Y resulta que ayer mismo, en un parque habitual, un niñato malcriado comenzó a molestar a la mía, que aunque algo mayor que él, se desesperaba al ver que no podía quitarse de encima al pesado del crio que le pedía sus chuches. Al final la niña me miró desesperada en plan “Papá, ya no puedo más con éste.” Y yo le devolví la mirada por encima de las gafas diciéndole “Te lo quito de encima al estilo 1 o estilo 2?”. A lo que ella me respondió levantando dos dedos. Ya no necesitaba más. 
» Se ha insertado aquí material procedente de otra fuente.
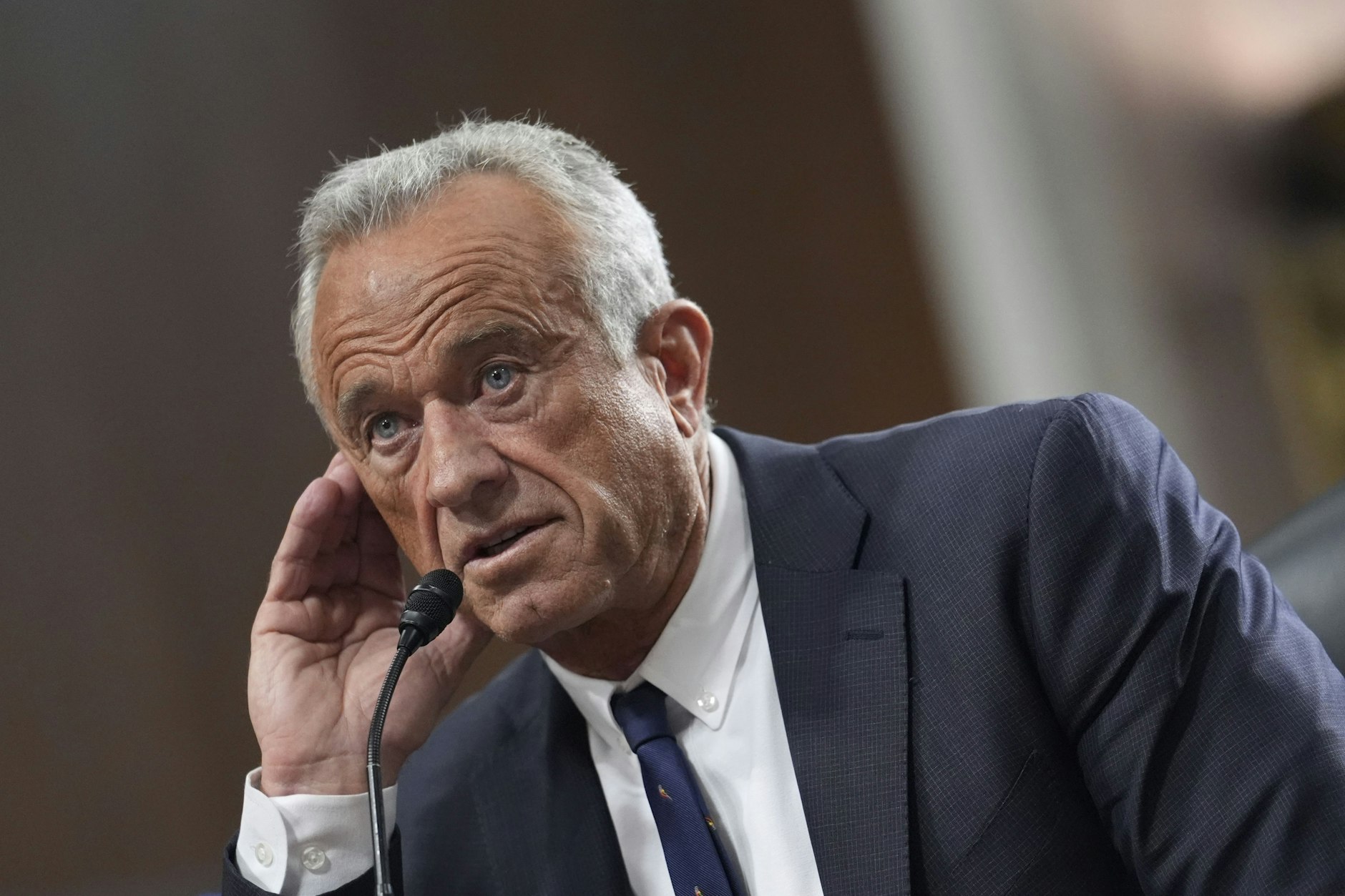 Robert F. Kennedy Jr., Kandidat für das Amt des Gesundheitsministers von US-Präsident Trump, spricht während seiner Anhörung vor dem Finanzausschuss des Senats im Kapitol.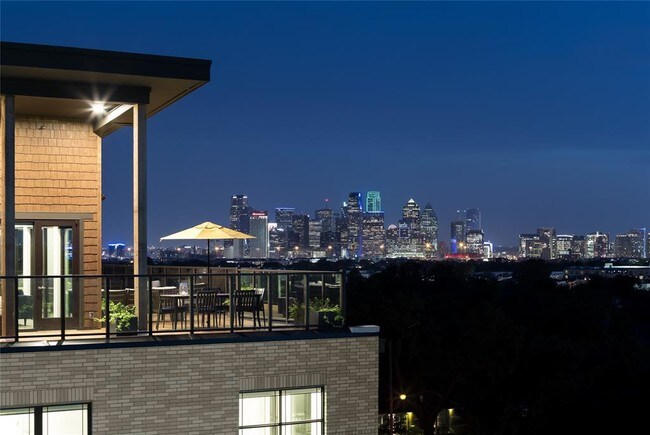 Foto del edificio - 5607 Belmont Ave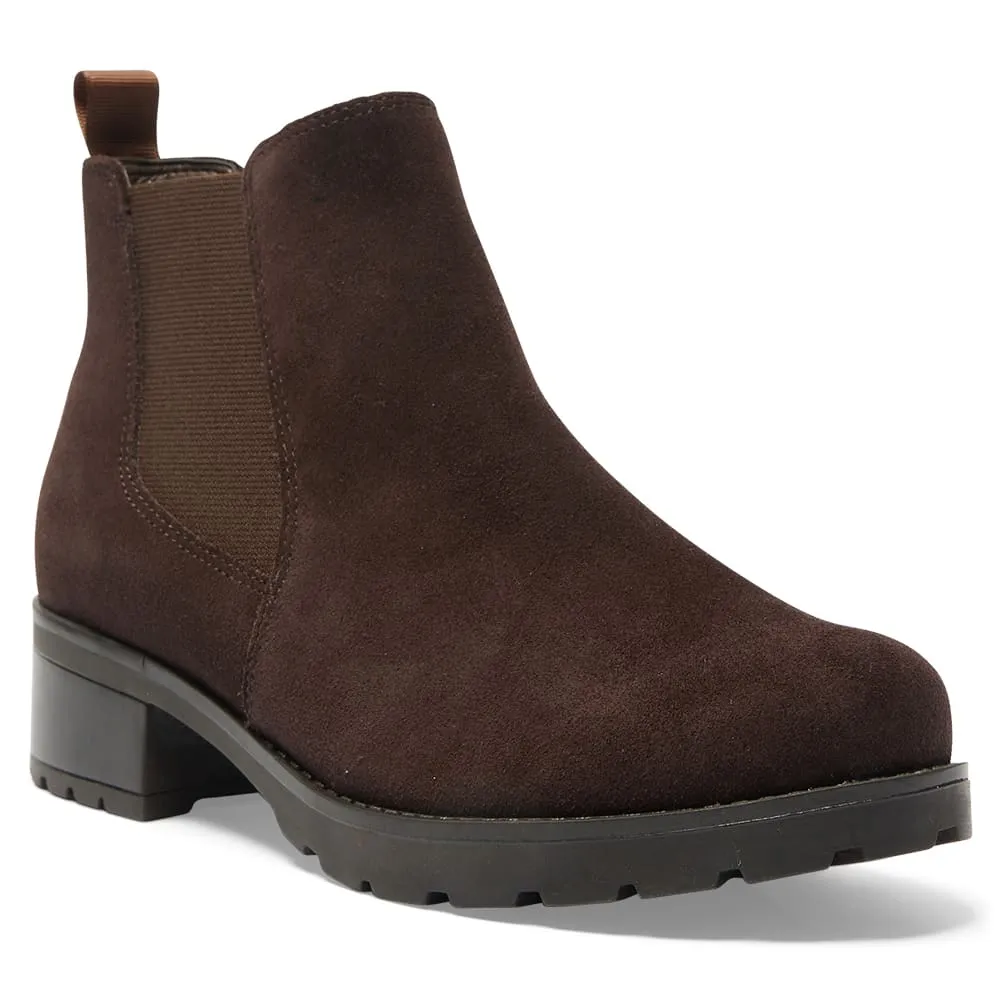Iowa Boot in Chocolate Suede Suede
Me levanté y di cuatro largos pasos hacia atrás, con lo que casi me atropella un coche porque llegué hasta la carretera, y comencé a correr dando largas zancadas, acelerando más con cada una de ellas hasta que mi cuerpo no era más que una estela borrosa; entonces, utilizando un hábil giro de cadera que aprendí viendo videoclips de Van Hallen giré sobre mí mismo y me lancé con los pies por delante cual torbellino de amor paterno filial dispuesto a trasladar al crio pesado a otro parque. Pero algo falló cuando el padre del niño lo apartó hábilmente de mi trayectoria.
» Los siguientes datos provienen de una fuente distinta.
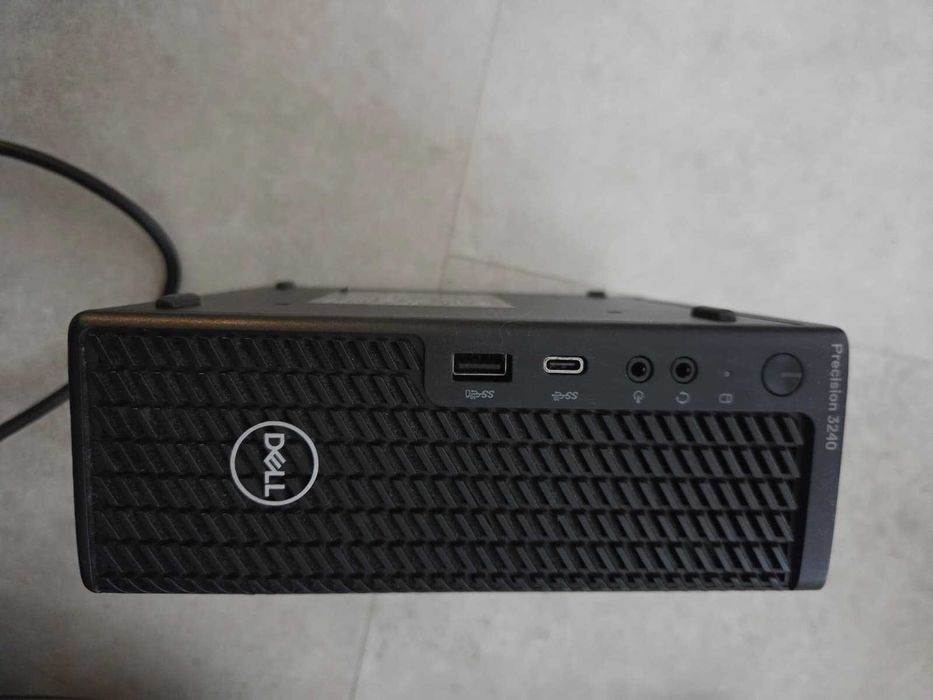 Dell Precision 3240 i7-10700/32GB/512/Win10P NVIDIA Quadro RTX3000 plus Intel UHD Graphics 630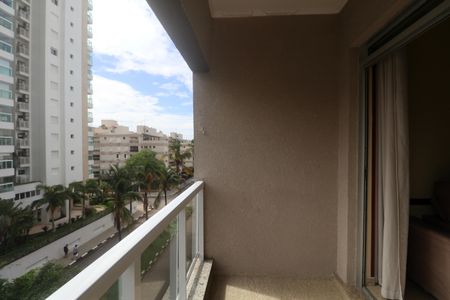 Varanda de apartamento para alugar com 3 quartos, 115m² em Jardim Santa Genoveva, Guarujá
Me incorporé y lo miré. Normalmente no tengo problemas con otros padres. Estoy acostumbrado a encontrarme con ancianos que cuando tenían treinta años decidieron que “querían vivir la vida” y no tuvieron hijos hasta los cuarenta y cinco, con lo que ahora son cincuentones cansados de vivir que no resultan ninguna amenaza para mí. Pero este era diferente. Era algo mayor que yo pero de figura bien definida por una musculatura que solo puede conseguirse con un bono de diez años en un gimnasio. Me miró con ojos azules tan fríos como el hielo y un escalofrío recorrió mi espalda. Cuando levantó a su hijo para acurrucarlo contra su pecho, en su bíceps, del tamaño de mi muslo, apareció una vena de color azul eléctrico que latía a un ritmo regular. El hombre estaba tranquilo. Tranquilo y confiado. A pesar de eso mantuve la mirada y me arremangué. Apreté el brazo para demostrarle mi fuerza pero mi vena no era tan azul como la suya ni mi brazo tan ancho; además me dio un tirón en el cuello y me quedé con la cabeza de lado; pero ni así me rendí. Le señalé con un dedo, cogí aire y le dije. “Te voy a… Te voy a… Te voy a poner mirando a Cuenca. Bribón.” Y el padre musculoso pareció ser invadido por el terror, palideció, se dio la vuelta y se marchó diciéndole a su pequeño que fuera la última vez que molestaba a una niña cuyo padre no tenía bien definida su sexualidad.